The recent recession scrambled the traditional balance in education funding, according to a report released yesterday by the U.S. Census Bureau.
Declining state revenues increased the distance between the haves and the have-nots, (Michael) Griffith says, because wealthier districts in many parts of the country were better able to make up for fewer state dollars.
This gap and what states have done to combat it are the subject of another report released earlier this week by the Rutgers Graduate School of Education and the Education Law Center, which advocates for increased funding for poor and disabled children.
The report grades states on the basis of their level of state and local education funding in the 2008-09 school year and how funding is distributed, adjusted for poverty rates and regional wage differences, among other factors.

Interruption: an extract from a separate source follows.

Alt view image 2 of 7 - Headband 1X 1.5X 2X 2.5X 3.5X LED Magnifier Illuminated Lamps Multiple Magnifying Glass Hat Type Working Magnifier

The report concludes that Utah, New Jersey and Ohio do the “fairest” job of funding education, as evidenced by the fact that they gave significantly more funding to schools with higher poverty rates. The report finds that high poverty school districts received less per-pupil funding than wealthier districts in 16 states, with high-poverty districts receiving less than 80 percent of the funding given to wealthier districts in Nevada, Illinois, New Hampshire and North Carolina.

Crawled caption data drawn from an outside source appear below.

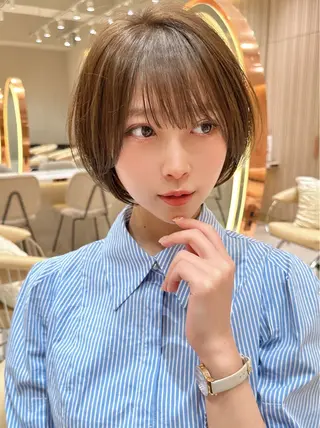 ショート カラー 縮毛矯正✨🫧 レイヤー川村利幸のヘアスタイル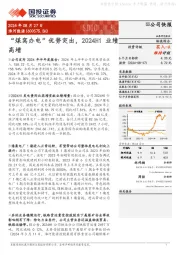 “煤窝办电”优势突出，2024H1业绩高增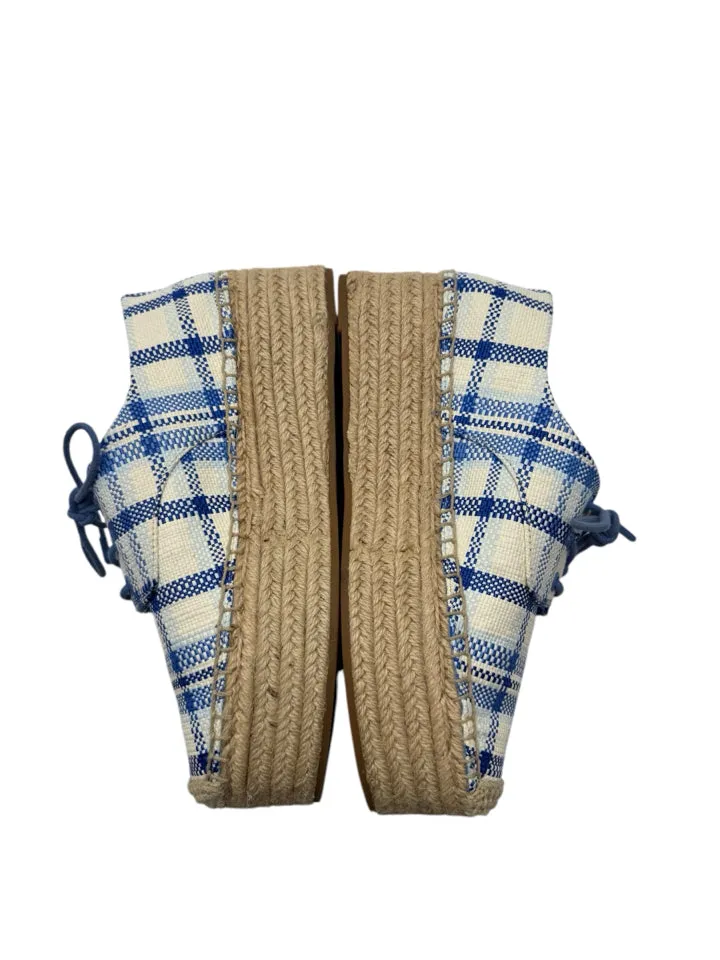 Tory Burch Blue Plaid Florence Espadrille Size 7.5 Women's Shoes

Here's an example of what Griffith, senior school finance analyst at the Economic Commission on the States, is talking about. The following charts compare Bloomfield Hills School District, arguably the wealthiest in Michigan, with Godfrey-Lee Public Schools, one of a handful of the poorest school districts with high poverty and low English language proficiency. One compares high school reading test scores while the other compares revenue. You draw your own conclusions. (Click on each chart to zoom in)

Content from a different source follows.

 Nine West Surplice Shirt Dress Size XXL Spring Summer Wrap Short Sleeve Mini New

The second chart provides recent trends in local and state revenue, along with total revenue (including federal funds). It is measured in per-pupil dollars to account for different student enrollment numbers between the two districts. Despite the fact that Godfrey-Lee student poverty, transiency, and limited English proficiency rates are at the opposite ends of the spectrum from affluent Bloomfield Hills, often described as Michigan's version of "home of the stars," the latter district continues to receive nearly $5,000 per pupil more in revenue.
So if we know what we need to do to begin closing these achievement gaps, why hasn't Michigan's governor and legislature begun to do anything about it? Perhaps its because the leadership in our state House and Senate all represent the more affluent school districts. Their solution for the poor, urban districts is to test kids more and increase the number of for-profit schools where even the best of these are only producing marginally better results. These are faux solutions that by the time anyone realizes it, most of the cowards in our legislature will have been term-limited and gone on to other pursuits. The kids they have ignored will be left holding the bag.